Penyerapan Beras Bulog Masih Rendah, Aleg PKS Riyono Dorong Operasi Gabah Nasional

Anggota Komisi IV DPR RI Fraksi PKS, Riyono | Foto: Istimewa

Jakarta, PR Politik – Target penyerapan 3 juta ton beras oleh Perum Bulog hingga saat ini masih jauh dari harapan. Memasuki musim panen sejak awal Februari hingga awal Maret 2025, serapan gabah dan beras oleh Bulog masih tergolong rendah.

Sebagai contoh, Bulog Kantor Cabang (Kancab) Ponorogo yang mendapat tugas menyerap 60.000 ton beras, hingga 10 Maret 2025 baru mampu mengumpulkan sekitar 6.000 ton atau hanya 10% dari target. Dengan waktu tersisa hingga akhir April, pencapaian target ini dinilai sulit terwujud.

Anggota Komisi IV DPR RI Fraksi PKS, Riyono Caping, yang telah dua kali turun langsung ke lapangan untuk memantau kondisi harga dan serapan gabah, menyatakan bahwa mekanisme pembelian sebenarnya sudah berjalan baik. Namun, kecepatan dalam menyerap gabah masih menjadi kendala utama.

“Saya turun langsung ke petani dan Bulog sudah dua kali untuk memantau harga serta kondisi beras. Kami memastikan harga gabah dibeli Rp6.500 per kilogram dari petani. Secara mekanisme sudah bagus dan sesuai, hanya saja penyerapan gabah dari petani masih berjalan lambat,” papar Riyono.

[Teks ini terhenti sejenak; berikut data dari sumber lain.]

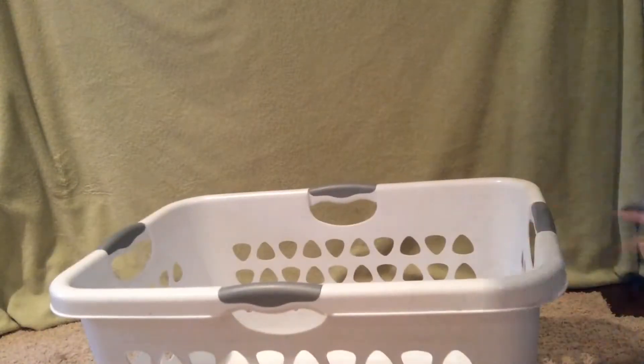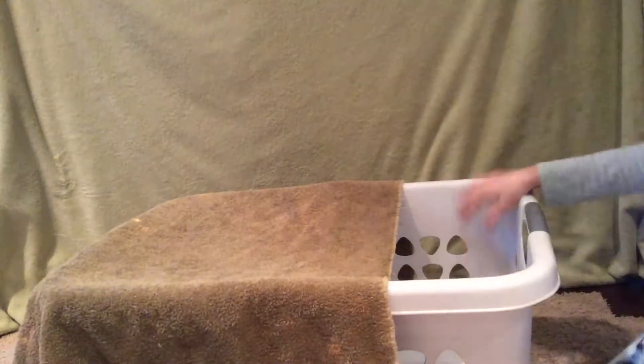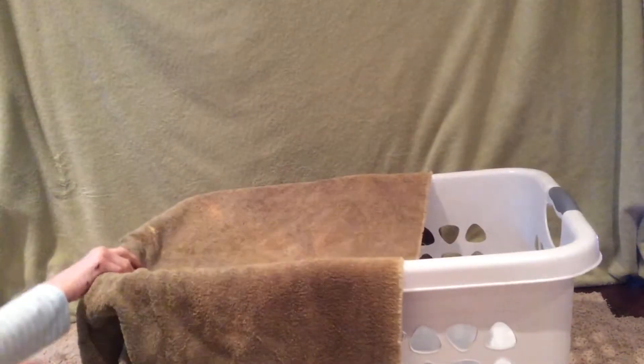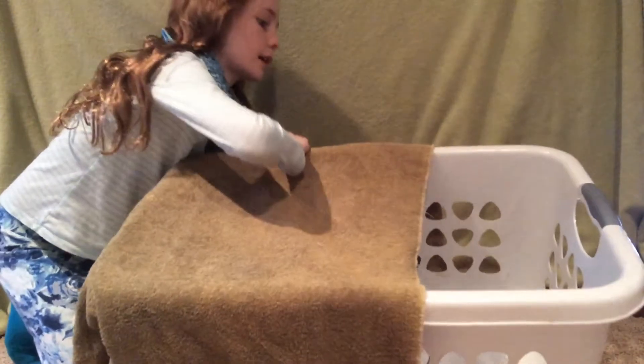Take your laundry basket, put it in a place that she — or he — your cat, normally hangs out. Now, drape the towel over only half so they can jump in. Now, as you can see, it's going low. So you're going to just tuck this underneath of the basket, and their weight in it should keep it down.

Riyono juga mengungkapkan beberapa kendala utama yang menyebabkan lambatnya penyerapan gabah, berdasarkan keterangan petugas Bulog dan TNI. Pertama, Bulog mengalami kekurangan tenaga kerja, di mana tim jemput gabah hanya terdiri dari 3 hingga 5 orang per kabupaten. Padahal, setiap kabupaten memiliki 15 hingga 21 kecamatan, sehingga saat panen raya berlangsung, pemantauan menjadi sulit.

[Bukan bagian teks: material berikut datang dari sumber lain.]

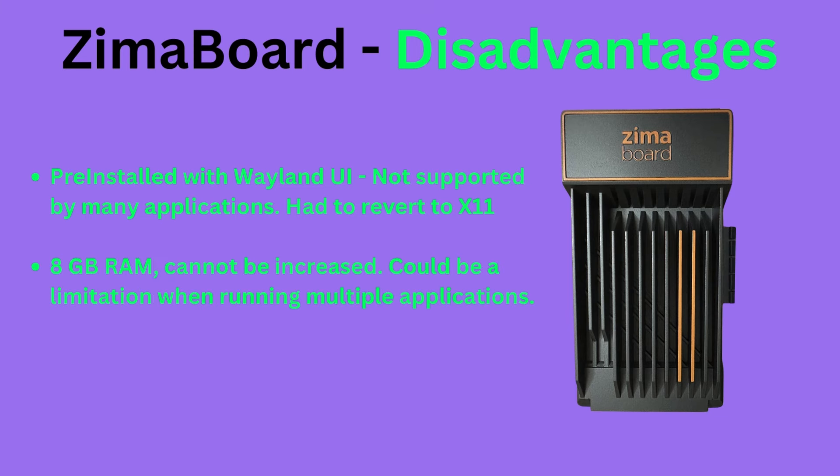8 gigabytes of RAM could be a limitation for some server applications, especially if running a database and web server at the same time. There is no way to upgrade the RAM, and there's also no USB-C availability.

“Kedua, sarana dan prasarana masih kurang, terutama ketika digunakan bersamaan, seperti timbangan. Ketiga, petani masih ragu terhadap kelancaran proses pembelian, sehingga lebih memilih menjual gabah ke pengepul dengan harga Rp6.300 hingga Rp6.400 per kilogram karena memiliki utang saat masa tanam,” ungkapnya.

Baca Juga:  Marlyn Maisarah Serahkan 61 Sapi Kurban dari Presiden Prabowo untuk Warga Babakan Madang Bogor

Selain itu, kapasitas penggilingan dan pengeringan Bulog juga masih jauh dari kebutuhan. Penggilingan di Magetan, misalnya, hanya mampu menyerap 12 truk atau sekitar 120 ton gabah per hari, sementara pabrik penggilingan swasta bisa mencapai 1.000 ton per hari.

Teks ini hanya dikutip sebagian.